One of the problems we are having in Nigeria is packaging, especially among exporters. When they package their products, some of them are rejected in Europe and America. Are you looking at that?
I’m not surprised that Nigerian exports are rejected abroad. Although the country is developing, yet the level of sophisticated packaging here is not the same as in Europe. But the packaging industry here is progressing and getting better. Since I started dealing with this region four years ago, I have seen packaging changing in the last four years because of Dow’s presence but we are not the only reason for things getting better in the packaging world. There is process of sophistication in the industry-when you go around the digital world, there are other players in the industry with more expensive and sophisticated production links. So, Nigerian market is improving on packaging.
Nigeria is a peculiar market as electricity supply is irregular. Have you taken this into consideration in developing packaging solutions for the market?
Any market is a peculiar market, and Nigeria is similar to other African countries. Ghana and South Africa have power problems, so, yes; we have taken everything into consideration and we would like to introduce flexible packaging materials that meet the need of the market.
What is your plan to set up polyethylene manufacturing plant in Nigeria which is the biggest market in Africa?

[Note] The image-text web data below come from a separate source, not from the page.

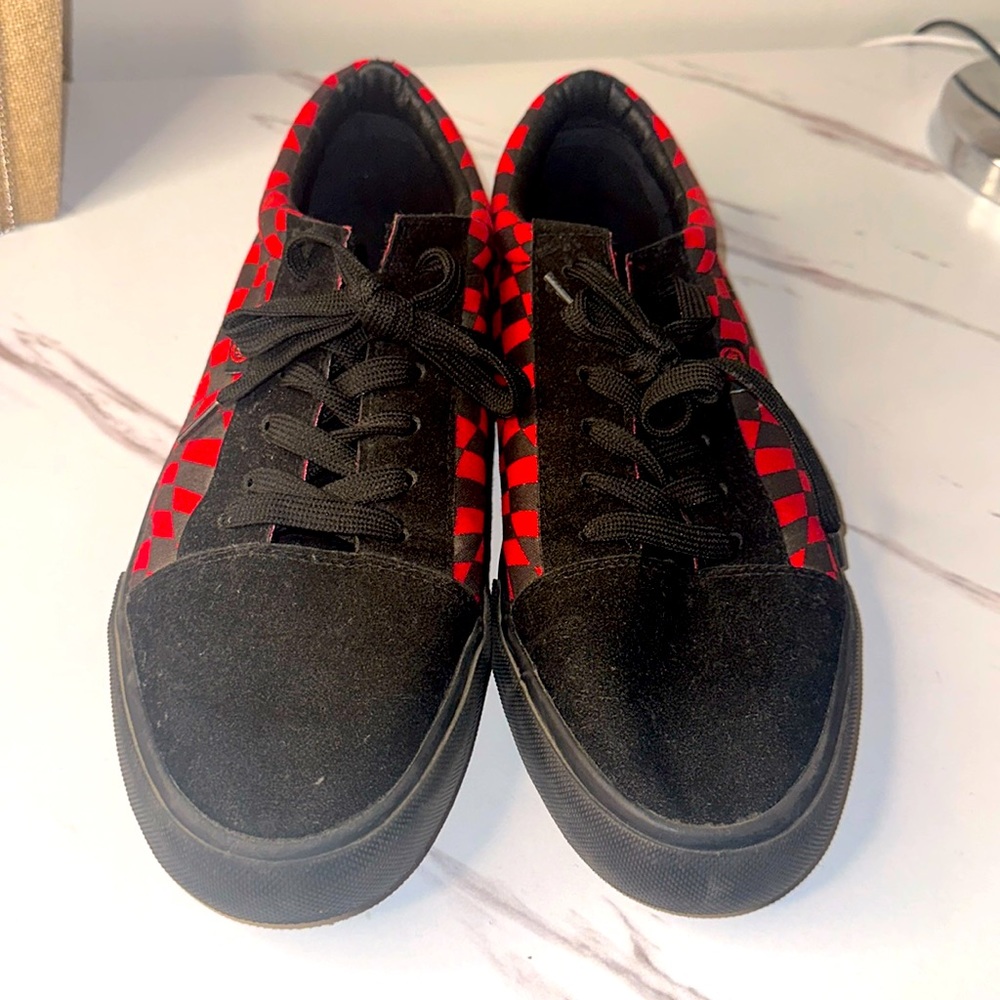 Ecko skate shoes, s.9 men in black and red.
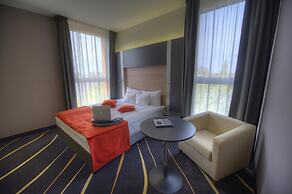 Best Western Plus Lakeside Hotel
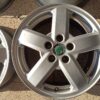 Roda de alumínio R15 Skoda 5 parafusos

We don’t have such a plan now to set up polyethylene plant in Nigeria. For polyethylene to be sustainable and viable from economic point of view is to be producing at least 450,000 metric tonnes annually. Nigeria is not big enough for that kind of investment. For example, our largest markets are in Europe – Germany, France; Spain and Italy. We have manufacturing plants in Germany and France, same for United Kingdom. The reality is economy of scale, of course, this is for short-term future. For long-term, our concern is electricity; polyethylene plant consumes quite a lot of electricity. It has to generate its own electricity because it is a big consumption factor for investment in any country. We don’t have polyethylene plant in Africa but we have a plant in Saudi Arabia because of economy of scale in setting up the plant. Even in Europe where we have manufacturing plant, we import raw materials from Saudi Arabia.
What’s your growth plan for Dow in Nigeria, in the next five years?
We want to be the market leader. The Nigerian economy is going up and down like other economies but there is an estimate from Citi Group that between 2030-50, the Nigerian GDP will be the largest growing one in 40 years. So, Nigeria is pointing to be what Germany and Japan had been after World War II.
They started from middle-level and then a boom. That is what the bank said. So, in our perspective, we would like to be a leader of a much larger market in terms of packaging knowledge and infrastructure transfer.